Saturday, August 28, 2010

The Right To Assemble

I was tempted to post something on the Glenn Beck Extravaganza at the Lincoln Memorial today. There was certainly enough material to glean for a post, whether in the traditional media or on the not-so-traditional media (the blogosphere). I decided that I probably wouldn't add much to the discourse, so I'm giving the whole matter a pass, at least for today.

What I will say today, however, is that Mr. Beck and his cohort have every right to hold that festival to "Restore Honor," today and every other day of the year, just as the other demonstration, the more traditional one commemorating Martin Luther King's transcendent speech on the same spot Mr. Beck will be occupying, have a right to assemble nearby. It's guaranteed by our Constitution, and it's one right that gets stronger each time it is exercised.

That said, I want to comment on another assembly, one that has been taking place in the area of Los Angeles known as Century City for the past week or so. The numbers involved are strikingly different: not hundreds of thousands or tens of thousands or even thousands. Less than a hundred union demonstrators representing janitorial workers have been protesting the dismissal of 16 workers. Tim Rutten has a particularly good take on the story.

Over the past week, a drama has been in progress outside two of the city's most expensive office buildings, 2000 Avenue of the Stars and the Century Plaza Tower in Century City.

Two weeks ago, 16 of the janitors who clean the high-rises that are home to some of the world's richest talent agencies, financial service companies and law firms were laid off. Their colleagues walked off the job in sympathy, and other members of SEIU, the union that represents them, have been staging a variety of protests, including a hunger strike that ended Friday. They're demanding that JP Morgan Chase, the $2-trillion bank that owns the buildings and paid out billions in bonuses to its executives last year, hire the 16 back.

The bank shrugs off the situation, pointing out that it contracts with ABM Industries to clean the towers. "The dispute is between a vendor and [its] employees, not Chase," corporate spokesman Gary Kishner wrote in a statement. Meanwhile, the city's news media have handled this story mainly as an exasperated tale of inconvenience and traffic jams for people going to and from work, rather than as a story about 16 people, many of them single mothers, who were tossed out on the street by a profitable company seeking to cut costs. It's hard not to be struck by the contrast between that lack of empathetic generosity and the courageous solidarity shown by their 57 fellow janitors who risked their own jobs in an economy with rampant unemployment. These people make $13.50 an hour; the tenants in that building have blazers on which every button costs three times that. ...

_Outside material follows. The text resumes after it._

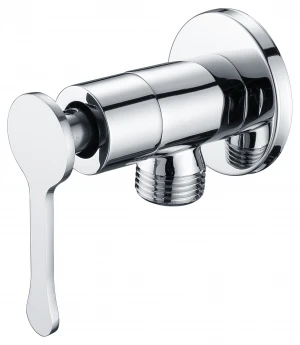 High pressure bathroom chrome brass angle valve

Publicly traded ABM is one of the country's largest maintenance contractors, with annual revenue of $3.5 billion. It earned $855.5 million in the second quarter of this year and paid its stockholders their 177th consecutive quarterly dividend. ABM also has the requisite flashy website that enumerates its corporate principles. Among them is "respecting our employees.... ABM treats everyone justly and fairly. When employees are happy, we know they'll do their best for our customers."
[Emphasis added]

For some reason, the press doesn't seem too impressed by the economic injustice so blatant in the story. Apparently janitors and line workers and clerical workers just don't count. They're fungible, a dime a dozen. Those wearing the expensive suits were inconvenienced, and that's all that matters.

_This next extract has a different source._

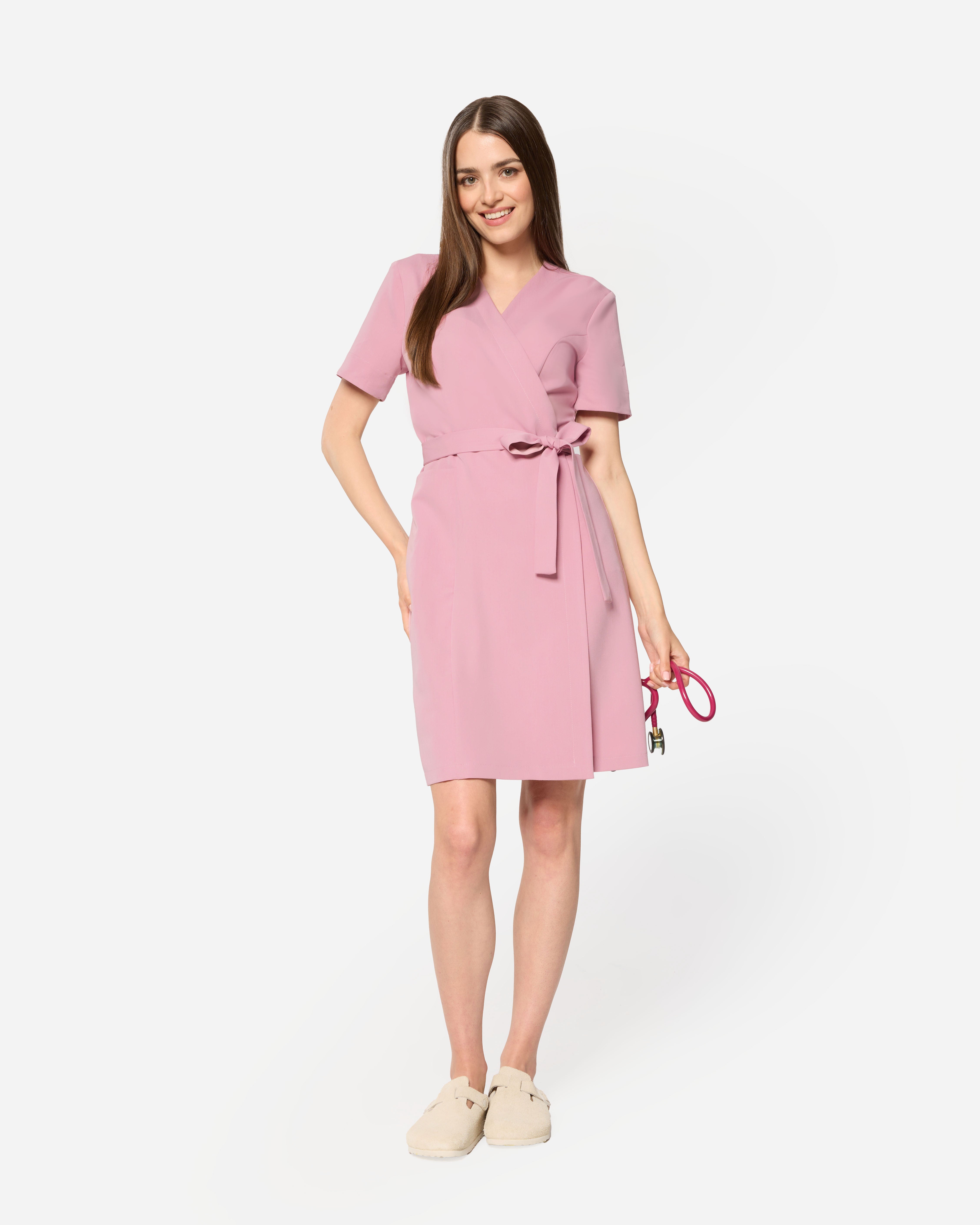 Medizinisches Kleid Diana – Ballerina Pink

And the fact that ABM has just added to the unemployment ranks of California (which stands at more than 1 in 10 workers) so that the bottom line looks better to the shareholders who have come to expect their dividends as a matter of course is just an irrelevant blip on the whole matter.

Maybe this country really does need to Restore Honor, although I'm reasonably certain that's not what Mr. Beck and the Tea Partiers have in mind. They seem to be more interested in re-sourcing that honor from their idea of the Christian God.

I am reminded of one of the laments from an Old Testament prophet: "How long, o Lord, how long!"